Select a sample library and perform the following operations within it:

Add: Click Enrich Sample or Import Data to add similar samples.
Delete: In the Actions column of the target sample, click Delete.
Modify: In the Actions column of the target sample, click Modify. Change the User Input or Model Output, and then click Save.

Limitations

Sample library capacity: Each sample library can contain up to 300 samples.
Note
This limit balances retrieval performance with recall accuracy. A large library can increase retrieval latency. If you have more than 300 samples, you can split them into multiple independent libraries based on business topics, such as a "Product Features" library and an "After-Sales Policy" library.
Application association limit: Each agent application can be associated with up to 5 sample libraries.
Note
The system uses a multi-channel recall strategy and retrieves from all associated libraries in parallel.
Recalled chunk limit: Up to 10 sample chunks can be recalled and injected into the context for a single request.
Note
You can adjust this parameter in the application configuration to control the length of the injected context to balance effectiveness and token costs.
File import limit: For batch imports, Excel files up to 20 MB are supported. You can import up to 100 samples at a time.

Billing

The prompt sample library feature itself does not incur storage or management fees.

However, enabling this feature increases the model's token consumption and your overall costs. The additional tokens consist primarily of the recalled samples that are injected into the context.
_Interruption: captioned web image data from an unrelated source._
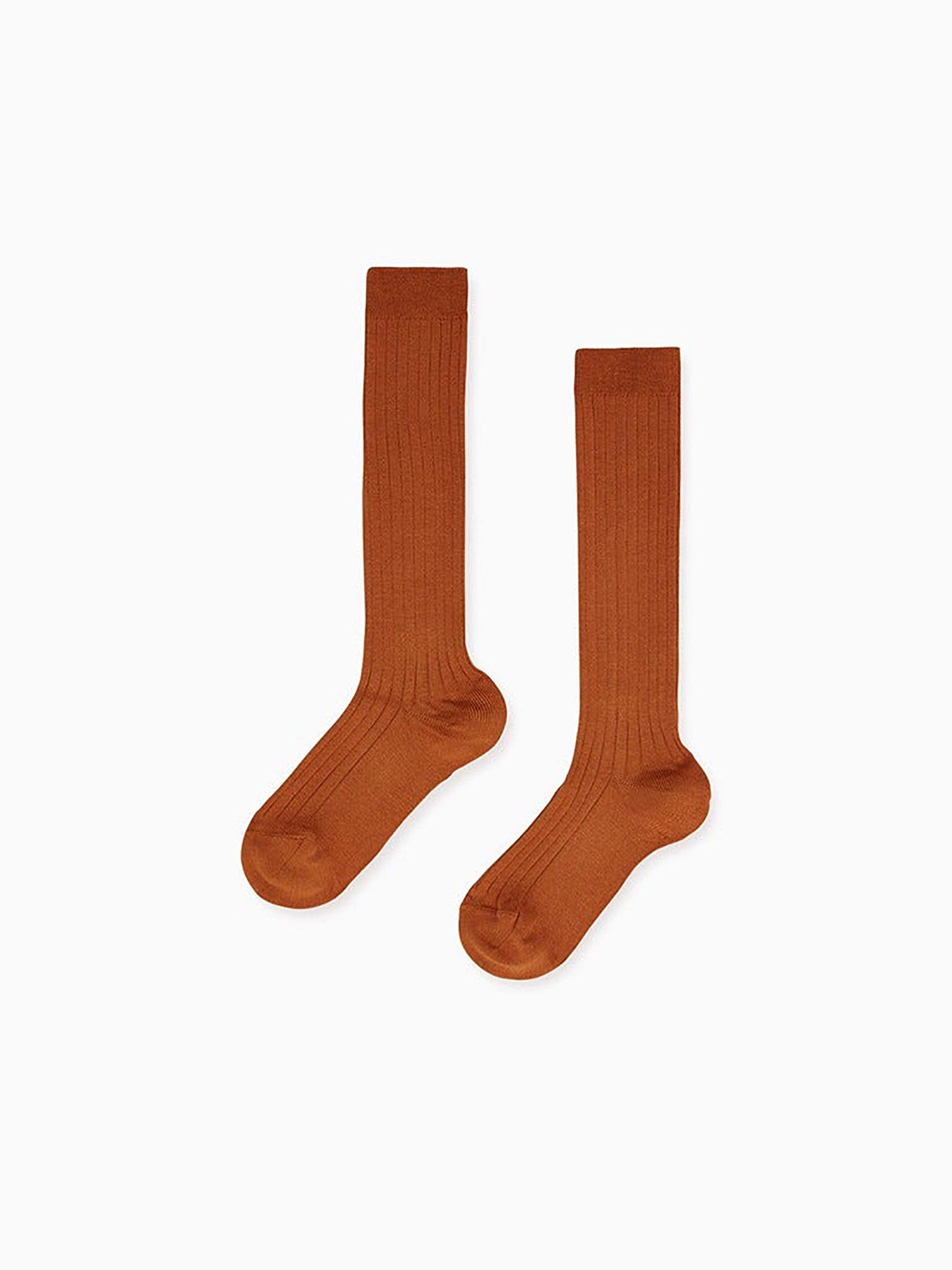 Caramel Ribbed Knee High Kids Socks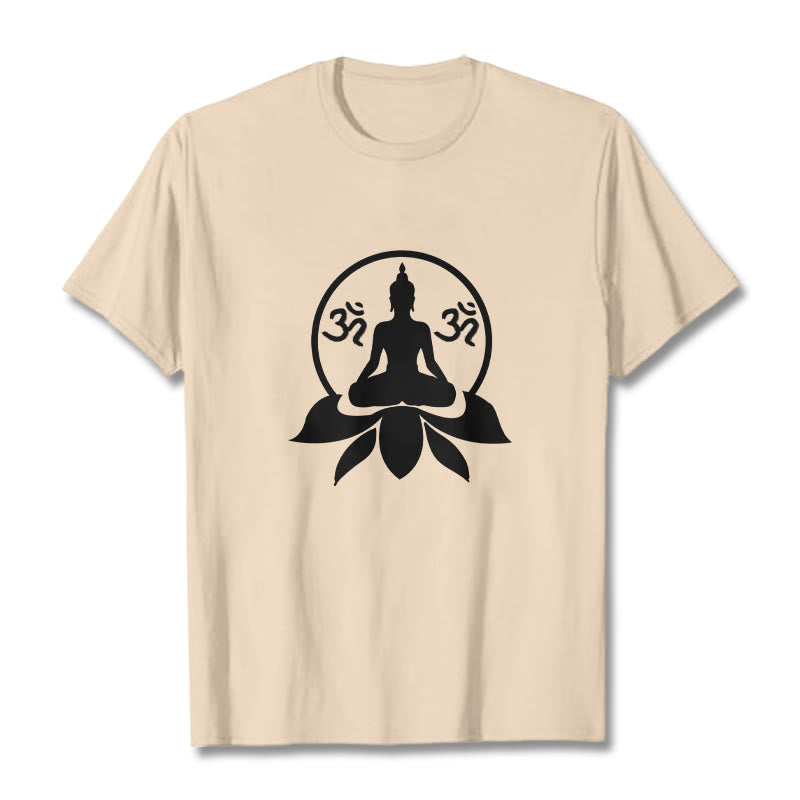 Camiseta con diseño de Buda sentado sobre una flor de loto, símbolo OM, mantras sánscritos y Buddha Stones de Buda - image 12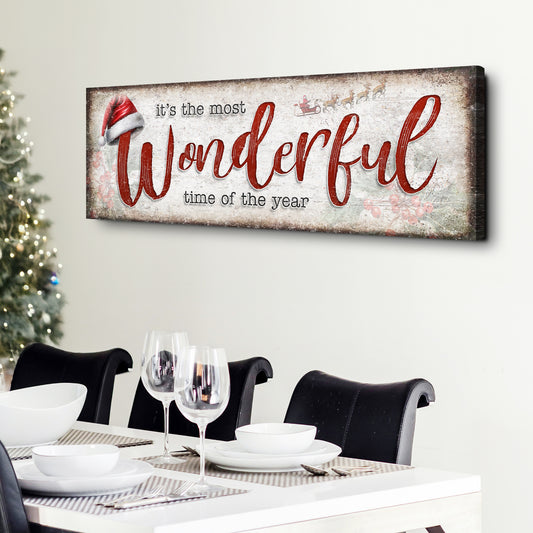 It's The Most Wonderful Time Of The Year Christmas Sign III | Image by Tailored Canvases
Cost estimation formula: Total input tokens ≈ User query tokens + Total tokens of all recalled samples + System prompt tokens

FAQ

What is the relationship between a sample library and a sample?
A sample library is a container for samples. Each sample library can contain up to 300 similar samples, and each sample includes a user input and a model output.
Samples are organized and managed using sample libraries. You can add multiple libraries with different names for application configuration.
What is the difference between a prompt sample library and a knowledge base?
These two features serve different purposes:
- Prompt sample library: Uses a few-shot learning approach, primarily to teach the model how to respond. It controls the model's response style, format, and specific facts by providing a small number of high-quality Q&A samples. It is suitable for scenarios that require precise imitation and style control.
- Knowledge base: Uses a retrieval-augmented generation (RAG) approach, primarily to tell the model what to say. It provides the model with the external knowledge needed to answer questions by retrieving relevant paragraphs from many documents as context. It is suitable for scenarios that require open-ended Q&A based on extensive documentation.